NHS campaigners have described the amount of money spent on agency doctors and nurses at a hospital Trust in the last financial year as “farcical” and “a scandal”.

A request for ­­infor­­mation by Councillor Praful Nargund under the Freedom of Information Act revealed that temporary staff at the Whittington Hospital – known as locums, who are employed by agencies – cost the trust around £17million between April 2022 and April 2023.

The Labour councillor for Barnsbury ward, whose parents have been NHS doctors for decades, said: “It’s not just unjust, it’s also farcical too, that we have a situation where the NHS is having real crises in recruitment and retention and at the same time is having to pay huge amounts of money to locums.”

Calling them “huge figures,” he described how some locum agency firms have seen their profits increase by 75 per cent in the past four years, and called for public money to be paid to doctors and nurses – who have been out striking for better pay and conditions – rather than being drained out of the NHS and into private companies.

His FOI revealed that while spending on locum doctors had increased by half a million pounds last year, spending on locum nurses had trebled since 2020-21 – and cost the Whittington just under £10million last year.

The Whittington Hospital

The FOI details also revealed that in 2021-22, the Trust paid out £2,400 to a locum agency for just one shift by a doctor. Junior doctors graduating this year will earn just over £2,000 per month after tax.

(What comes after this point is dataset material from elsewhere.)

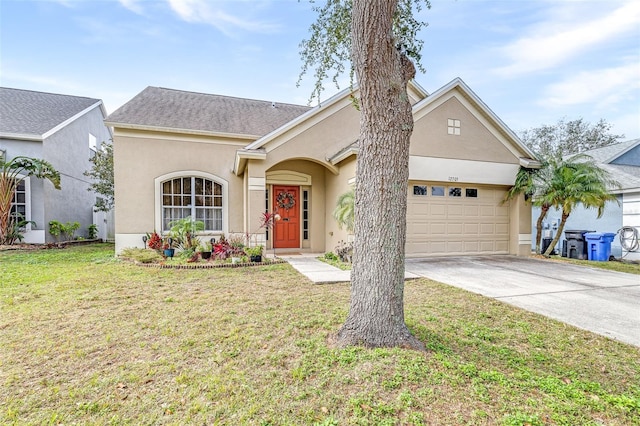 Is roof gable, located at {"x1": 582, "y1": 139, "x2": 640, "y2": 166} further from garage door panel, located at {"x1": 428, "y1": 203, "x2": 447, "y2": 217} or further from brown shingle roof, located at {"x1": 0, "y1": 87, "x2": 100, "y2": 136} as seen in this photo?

Campaigners put staffing problems at the Whittington – and across the NHS – down to extreme staff unhappiness.  Over several months, doctors, nurses and non-medical staff have either been in a row with the government over pay and conditions and are planning to strike or have just finished striking after coming to an agreement with ministers.

Nursing strikes gripped the trust this year before a deal between ministers and unions was brokered in June, while consultant and junior doctors are planning to strike together – for the first time in the NHS’s history – later this month, and then again in October.

Professor Sue Richards of Keep Our NHS Public, warned that doctors, nurses and other hospital staff are leaving because they can get better money in other countries or are simply burned out by the workload.

The retired Professor of Public Management at the University of Birmingham, who lives in Essex Road, said the government’s management of the NHS had been “scandalously poor”.

“I think people should believe that we can have – and deserve – a proper health service,” she added, but warned that “sheer neglect, poor management and also a desire to cut the NHS down to size I think, from a Tory government, meant that it was no longer functioning as it should be. “The last Labour government did a few things wrong with health but they certainly increased the funding to the same average level as the rest of western Europe. “And that’s essentially what you need to do. It’s well below that now.”

A spokesperson for the Whittington Trust said: “At Whittington Health, patient safety is our priority and we bring in temporary staff when required to ensure our services can continue to run safely.

“While our organisation does face recruitment and retention challenges, we see this reflected nationally across other NHS organisations. There are multiple reasons why we are seeing a shortage of staff; however, our current overall vacancy rate is 11 per cent and this has been steadily decreasing over the last 18 months.

“Looking forward, we have a strong focus on recruitment and a healthy pipeline of staff joining us over the next few months.”